For many years, property owners in Costa Rica rarely had to consider Capital Gains Tax when selling real estate. Historically, this tax applied only to developers engaged in the business of building and selling property, leaving individual owners exempt. However, recent changes to Costa Rican tax law significantly expanded the scope of Capital Gains Tax (Ganancias de Capital), and in this article, we review how these updates impact today’s real estate transactions.
How Much Is the Capital Gains Tax?
Under Law 9635, Costa Rica established a 15% Capital Gains Tax, applicable to all investment income and real estate. For properties acquired before July 1, 2019, sellers may opt for a one-time alternative tax of 2.25% applied to the full sales price, rather than calculating capital gain on profit.
In 2025, the Tax Authority updated the process through Resolution MH-DGT-RES-0039-2025, establishing new withholding obligations at closing:
- Residents: Buyers must withhold 2% of the sale price. This amount is a credit toward the seller’s final capital gains liability, to be settled when filing the appropriate tax form.
- Non-residents: Buyers must withhold 2.5%, which serves as the final and definitive tax.
These payments must be submitted by the purchaser within the first 15 days of the month following closing.
Who Has to Pay Capital Gains Tax?
The sale of a primary residence remains exempt.

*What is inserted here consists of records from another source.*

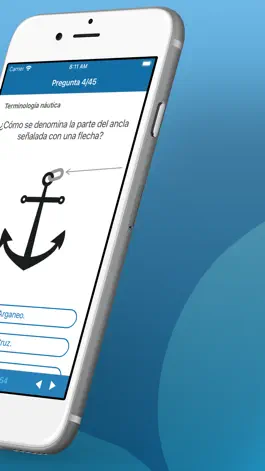 Game screenshot TEST PER - Preguntas oficiales apk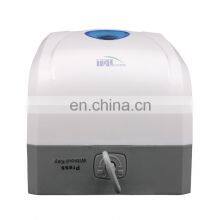 Manual Soap Dispenser,Commercial Soap Dispenser Wall Mounted for Bathroom Kitchen Hotel .1000ml/33oz,Hand Sanitizer Dispenser thumbnail-5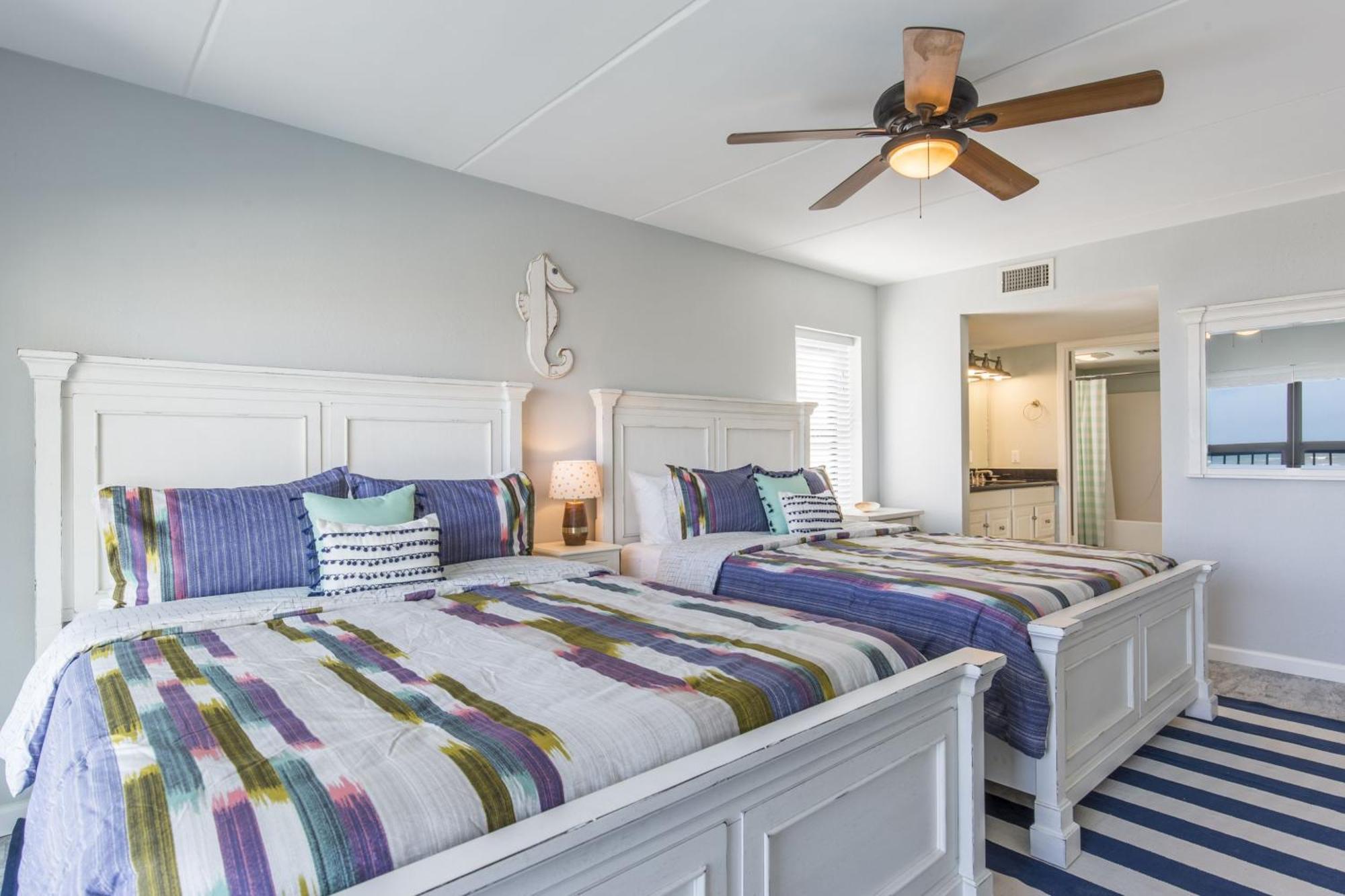 Saida Apart otel South Padre Island Oda fotoğraf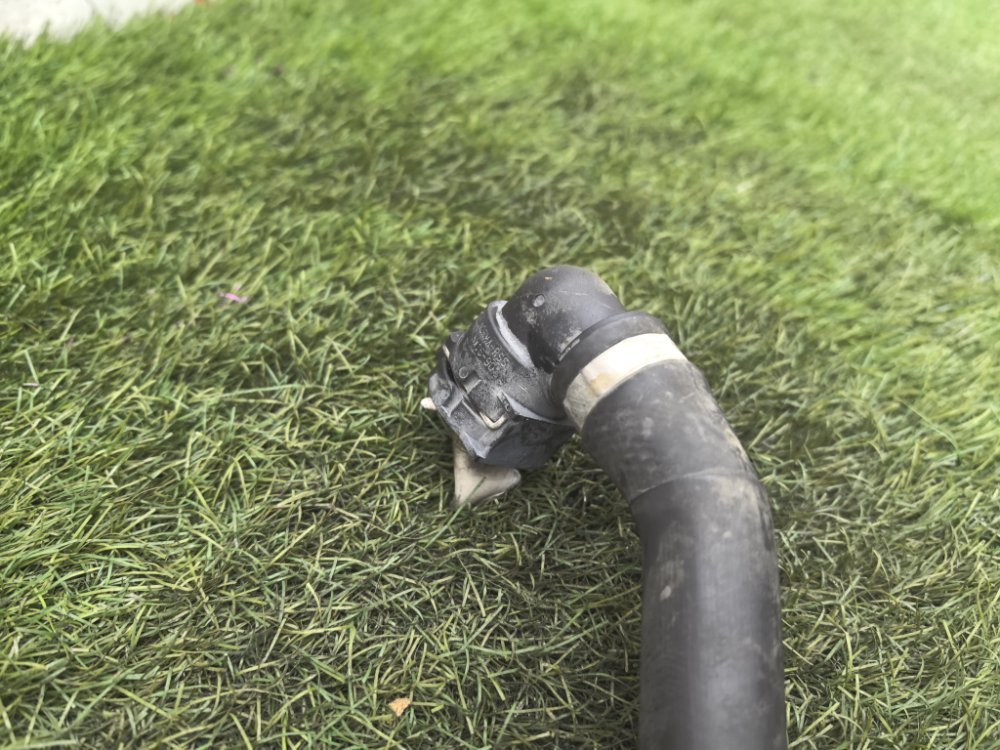 Патрубок системы охлаждения, 1000 рублей, Красноярск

The law defines a primary residence as the property used for the owner’s continuous shelter, protection, and home.
Capital Gains Tax applies to all other properties, including: Investment properties, Vacation rentals, Commercial real estate, Second homes
If the seller is a Costa Rican tax resident, the standard rules apply. However, when the seller is not domiciled in Costa Rica, additional withholding rules come into play.
Who Is a Non-Domiciled Property Owner?
According to Article 5 of the Income Tax Regulations, a non-domiciled person is someone who is a foreign individual who spends fewer than 183 days per year in Costa Rica, or is a foreign company not registered in Costa Rica.

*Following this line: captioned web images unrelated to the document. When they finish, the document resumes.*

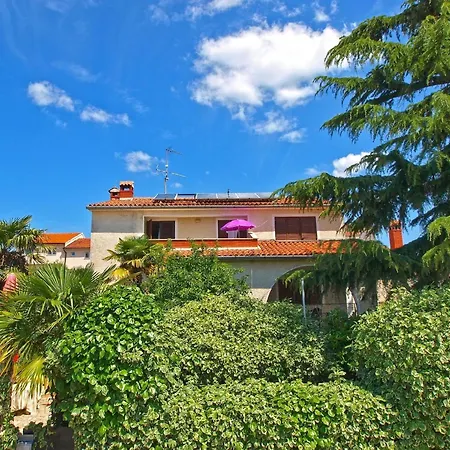 Fuer 6 Personen Ca 60 Qm In Rovinj, Istrien Istrische Riviera Rovinj
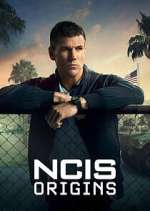 Watch NCIS: Origins 1channel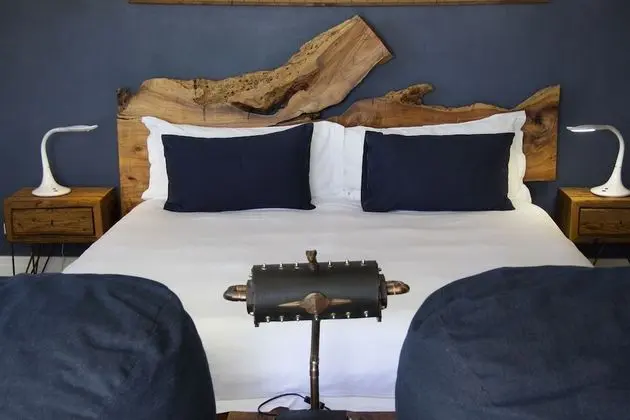 Comfort Oda, 1 Yatak Odası (King Room with Sea View)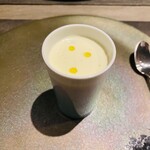 現代茶寮 銀座風月堂 -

Costa Rican corporations (SA or SRL) registered at the National Registry are considered domiciled as long as their legal or fiscal domicile is located in Costa Rica.
When a seller is non-domiciled, the law requires the BUYER to withhold 2.5% of the sales price to ensure tax compliance. This withholding is mandatory and must be paid before the property transfer can be registered.
Important 2025 Updates: TRIBU-CR and Registry Coordination
In October 2025, Costa Rica launched TRIBU-CR, a new digital platform replacing the previous ATV system. All tax filings, including capital gains declarations and withholding payments, must now be processed through TRIBU-CR using updated forms.
A National Registry circular issued the same month noted that the Registry currently cannot verify certain tax payments due to system limitations. However, the withholding obligation remains fully in effect, and transactions must comply with the tax rules regardless of Registry verification.